I don't understand how businesses could trust cloud LLMs going forward with this ongoing "safety" paranoia. Building dependence on them doesn't feel like a sane strategic decision for users.

Looking better and better for people to go after local solutions.

Tell that to the GPU market

I think it heard. A 128GB strix halo was $1400 at launch. Now they’re $3299.

That 7 months of claude -> 16.5 months of claude.

idk I just bought a 7900 XTX for $750 on ebay and it runs gemma and qwen pretty well

It isn’t about trust or no trust, it’s about having a capability to do stuff vs not having it. If Fable is the only model doing the right thing in your use case, your only choice is to use it or not. If the efficiency gain is 2x, it’s a hit you can probably take. If it’s 100x you pay up and shut up.

Of course you can trust them.

Just do benchmarks yourself on the new model and decide if it is valuable for your usecase, even with the supposed nerfing.

Benchmarks are benchmarks. And you can ignore the data at your own risk.

Problem that corruption is silent and service can be degraded at any moment or well, randomly.

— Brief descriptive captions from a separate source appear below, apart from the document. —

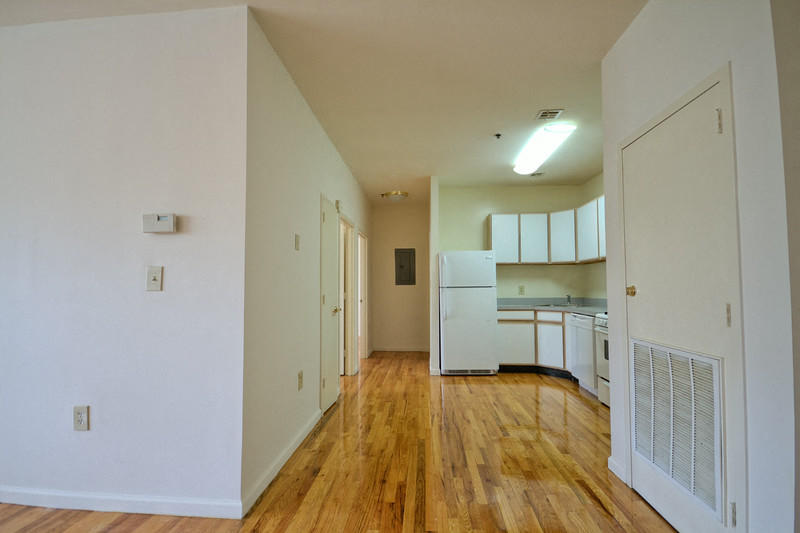 hallway leading into kitchen with wooden and white cabinets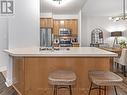 114 - 25 Earlington Avenue, Toronto (Kingsway South), ON  - Indoor Photo Showing Kitchen With Stainless Steel Kitchen With Double Sink 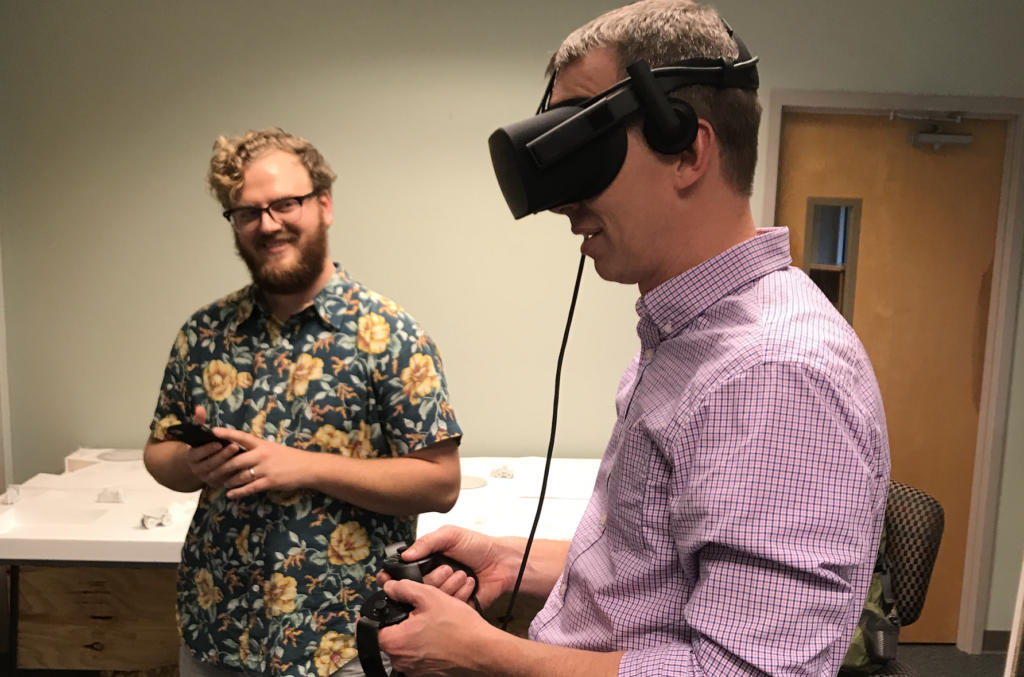 Professor Brad Collett uses virtual reality goggles as a smiling students looks on. 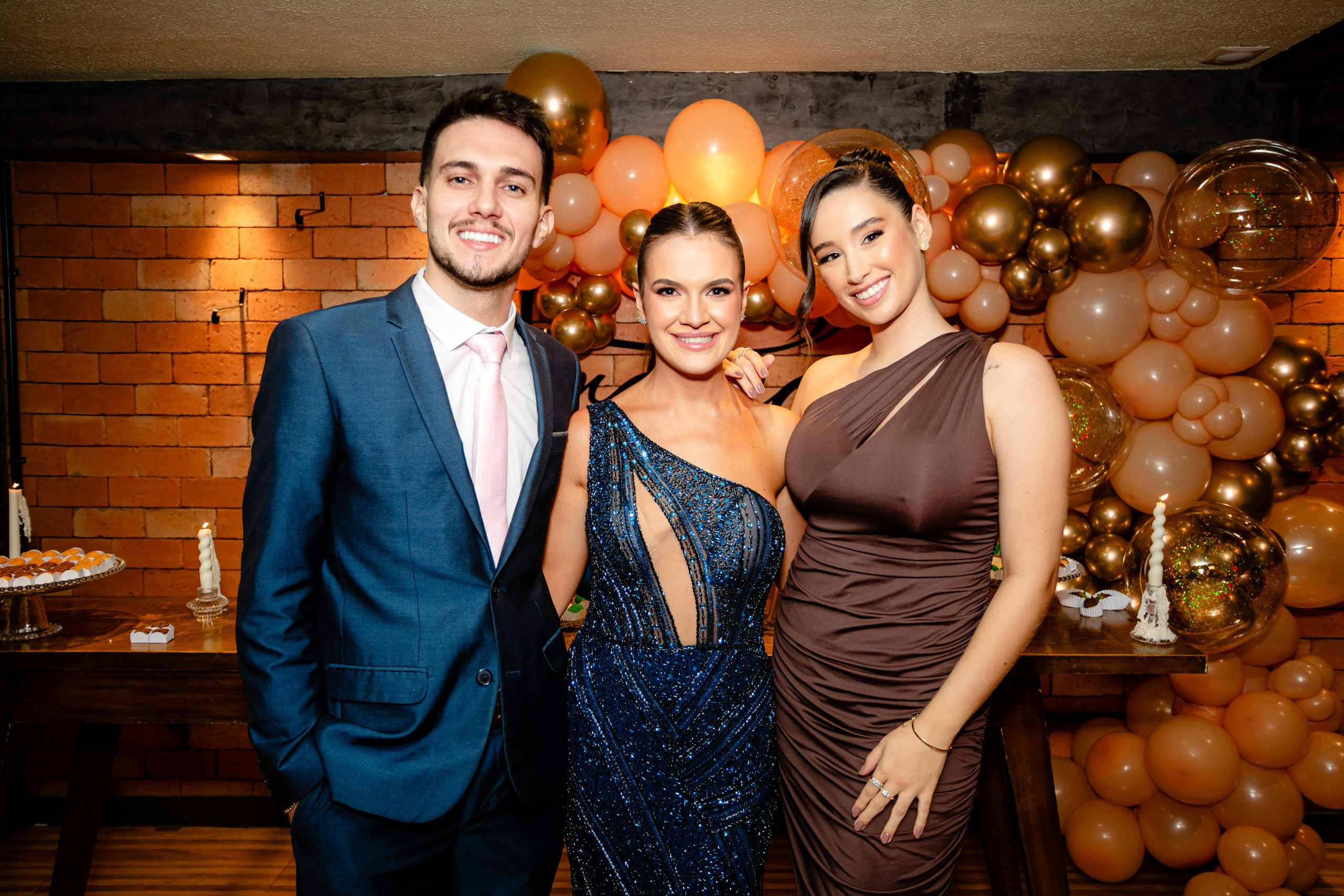 Fotógrafo de formatura em Balneário Camboriú; a formanda posa sorridente ao lado de convidados diante de um painel decorado com balões dourados e laranjas.
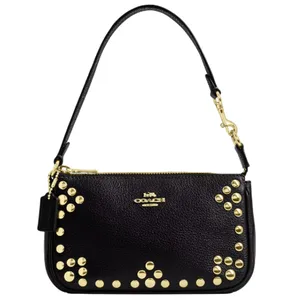 A black Coach Outlet Nolita bag with gold-tone studs accenting the front, featuring a detachable leather strap and gold hardware. The Coach logo is prominently displayed on the front.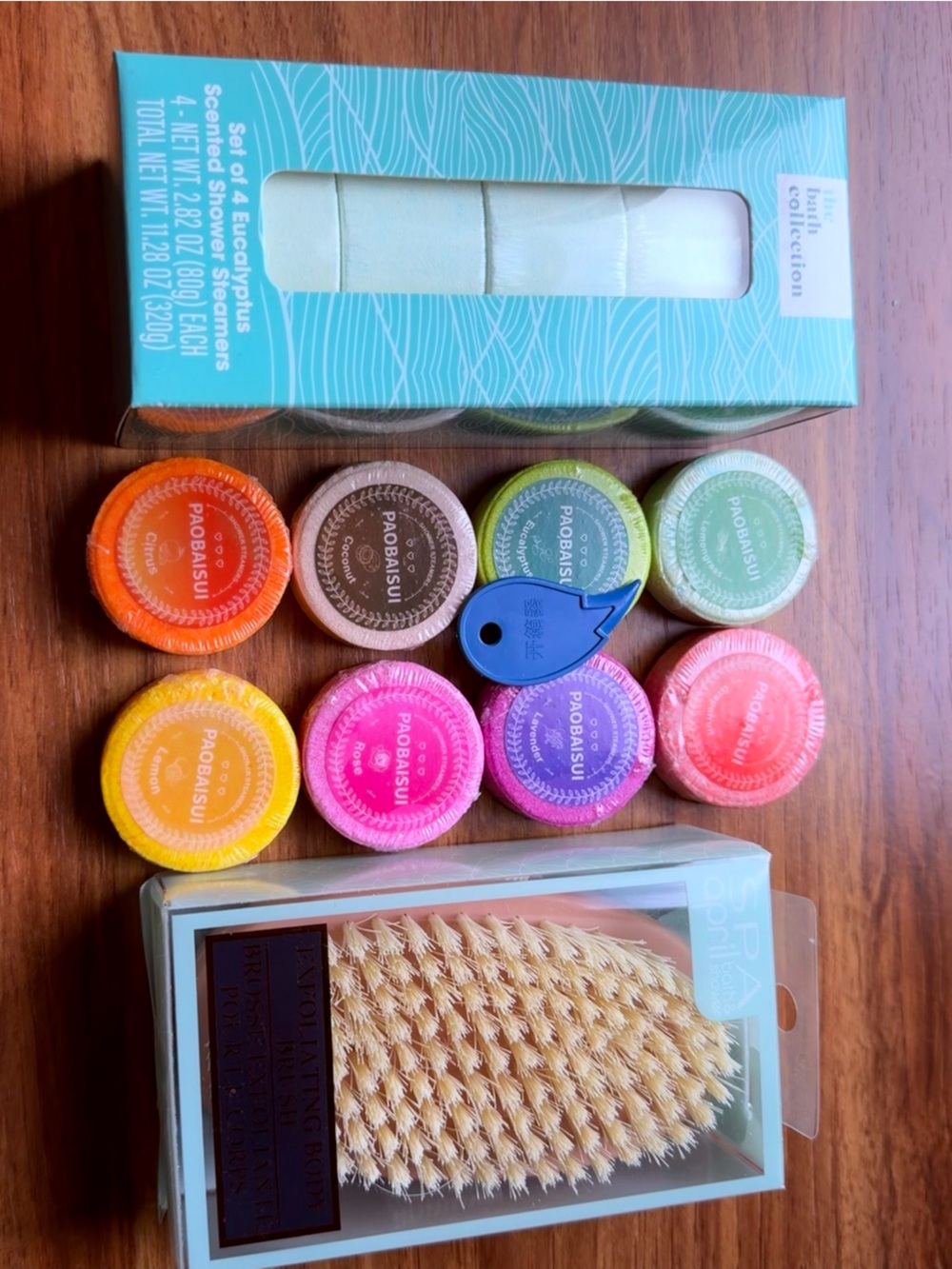 Assorted Color Bath Bomb Set with exfoliating body brush.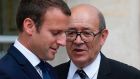 French president Emmanuel Macron  speaks with foreign minister Jean-Yves Le Drian: Mr Macron has achieved his goal of splitting the conservatives. Photograph: Geoffroy van der Hasselt/AFP/Getty 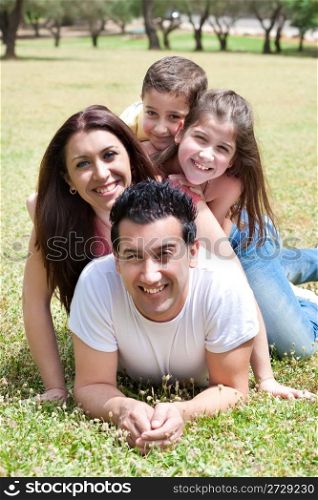 Parents and kids lying in the grass field in park,outdoor
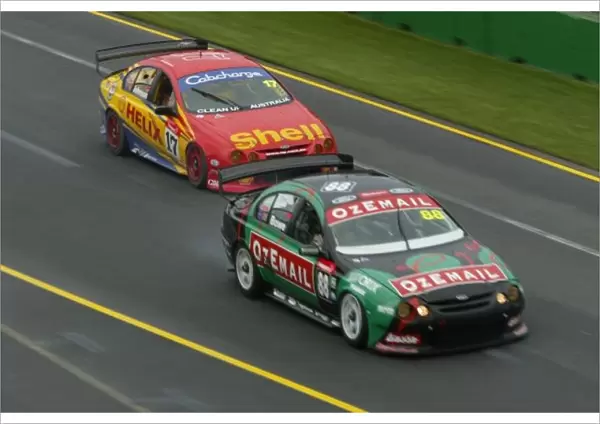 V8 Supercar 2002 AGP : Ford Falcon driver John Bowe leads Paul Radisich during race 3 of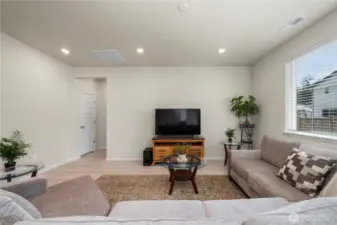Living room with view of hallway to primary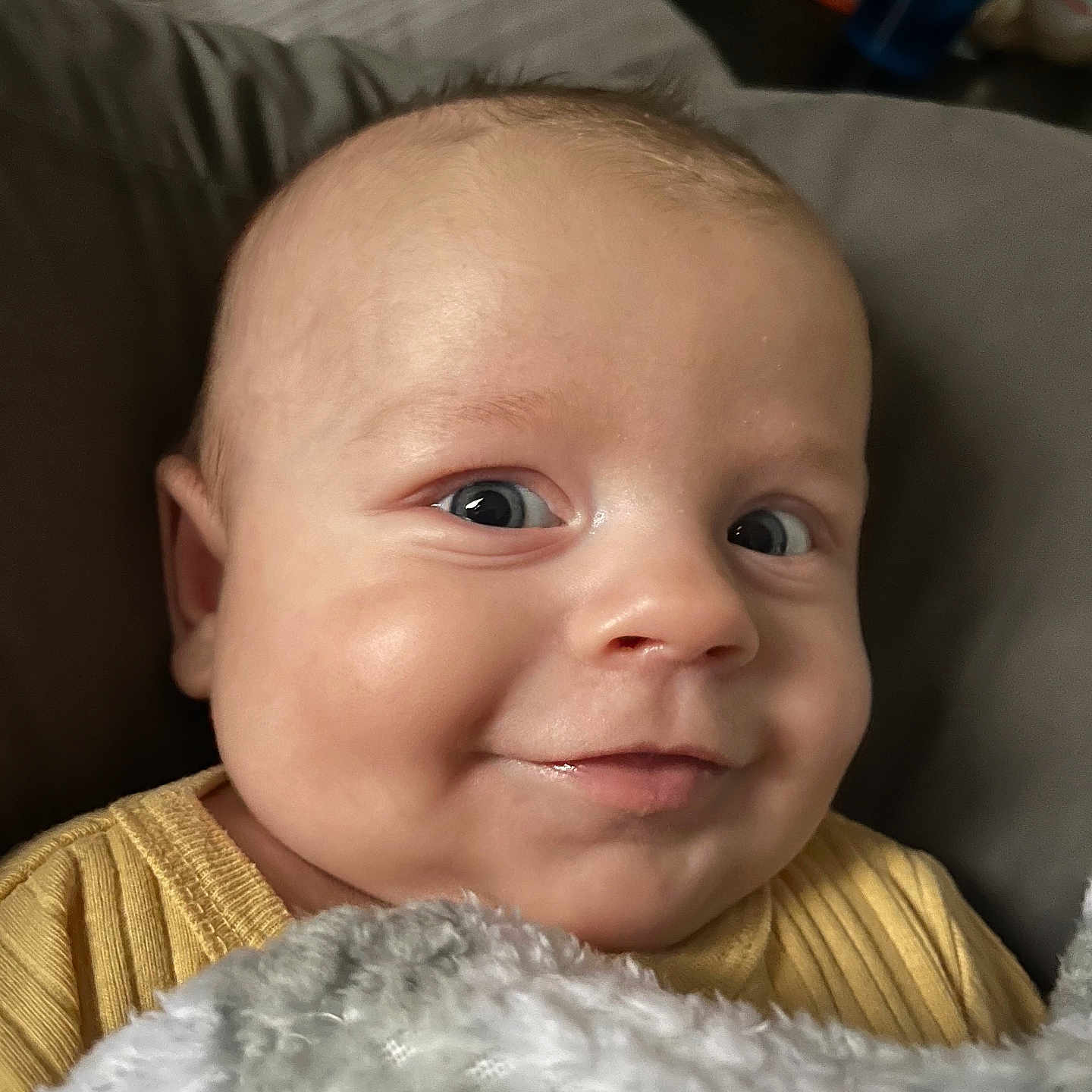 Luca joined the competition — help win amazing prizes! baby, infant, child, portrait, smiling, happy, face, eyes, cheeks, close_up, blanket, yellow_clothing, striped_clothing, couch, indoor, home, cozy, head, photography, adorable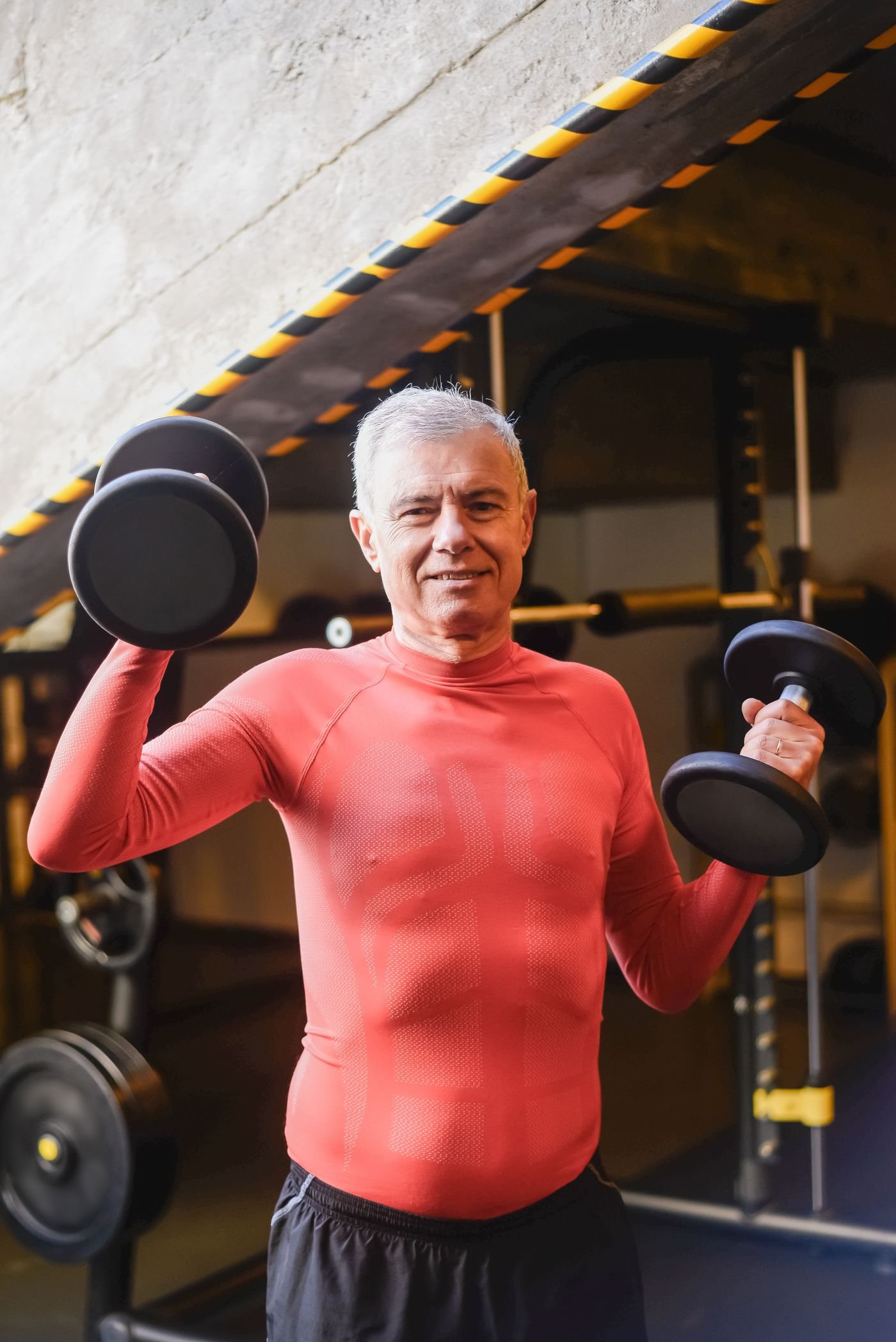 Older man lifting dumbbells during a workout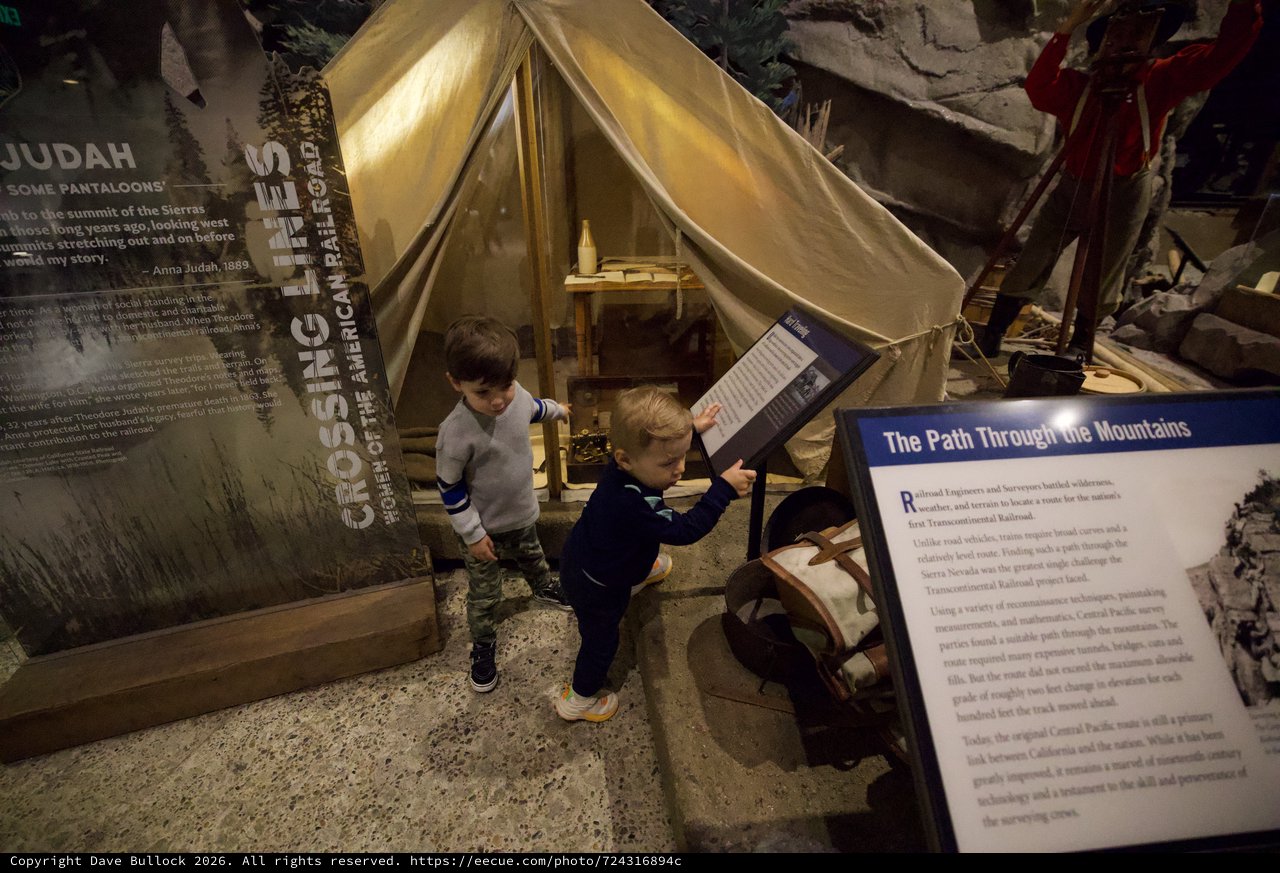 Children Exploring Railroad History Museum Exhibit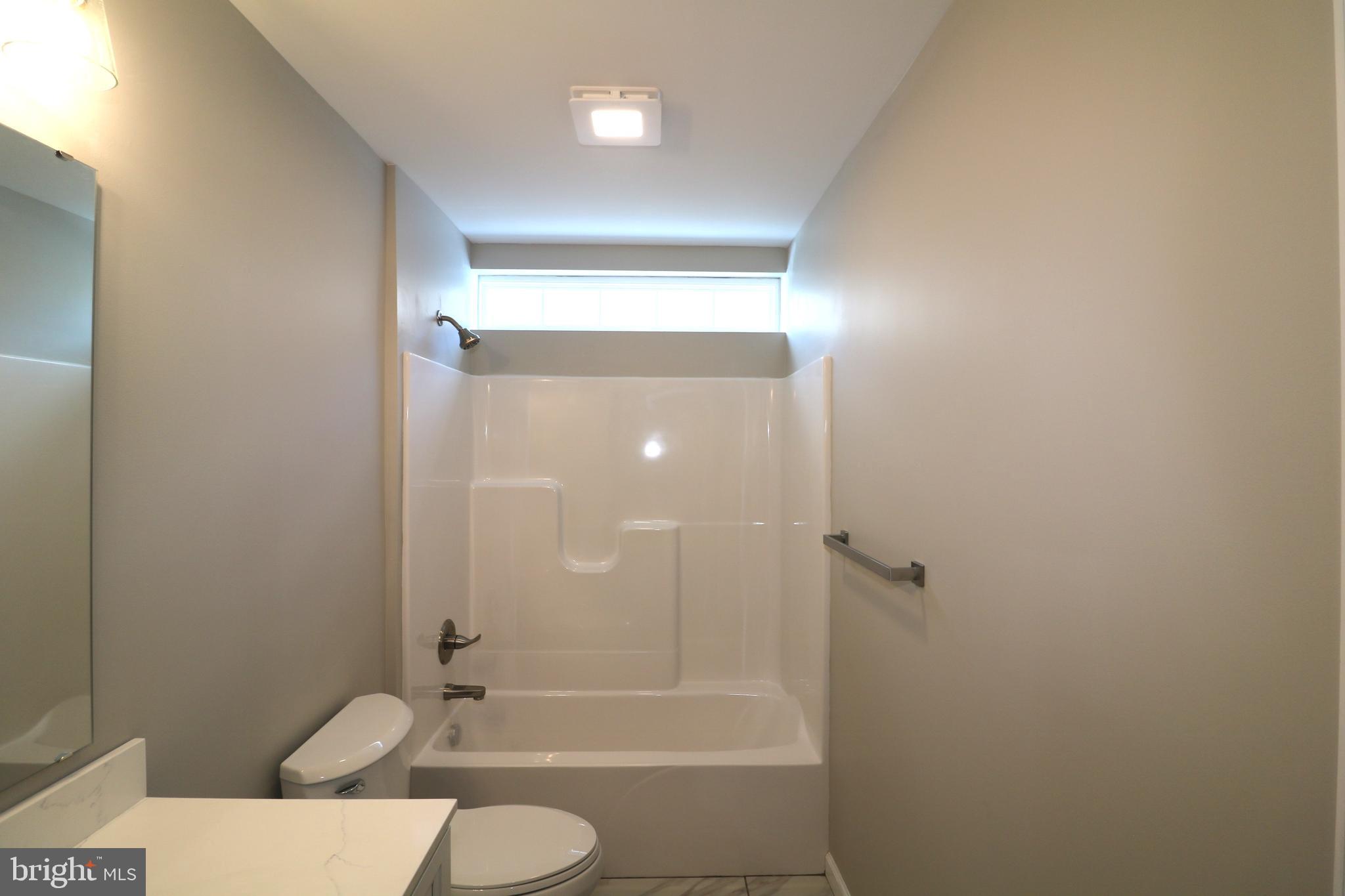 38 Rosalie's Way Temple, PA 19560 - Photo 11 of 15 a bathroom with a granite countertop sink toilet and shower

Because this effectively hinders 0% of people. I understand why people don't like it but day to day this is nothing. If you're using it for coding, it won't stop you. The pearl clenching here and over reacting is predictable and sad. If you are working for a large organization and you were going through the vendor procurement process, questions like Can this produce pornography? Can this tell my employees how to break the law? are normal and anyone wiht half a brain knows that this is the case. Before people jump on that, I understand people have access to the internet. Your question "how businesses could trust cloud LLMs going forward" is absurd and you know it. There is an extremely small set of edge cases that effect 0% of people day to day. You can trust them just fine.

My very first prompt to Fable, which was a completely benign math problem, hit one of their visible triggers. Many tokens into the problem, frustratingly. The user experience (read peer comments) is that you run into these issues with high frequency.

I guess, given that, a pro tip would be to err toward sequential work rather than giving monster prompts. That constraint has got to degrade quality though.

This is software development, not sales. We rely on our tooling.

If I’m using a calculator to verify my math, I don’t want to use a second calculator to verify the first one.

I am sorry to be the one to tell you but it was already the case that you cannot trust LLMs to solve all your problems 100% of the time.

It was always random. This is no different than any other randomness that already exists in LLMS.

If you are concerned just do benchmarks and see if it is valuable for your usecase regardless.

It's not paranoia. Cyber attacks have gone up massively in the past few months even with the weaker models we had so far. And Claude Mythos 5 scores even higher than the unreleased Mythos Preview on ExploitBench. If you made this capability publicly available you would see another acceleration of cyber attacks.

This isn't even about cyber attacks. This is just LLM development which is increasingly just called software development. And at least for cyber it says "Sorry I can't help with that"!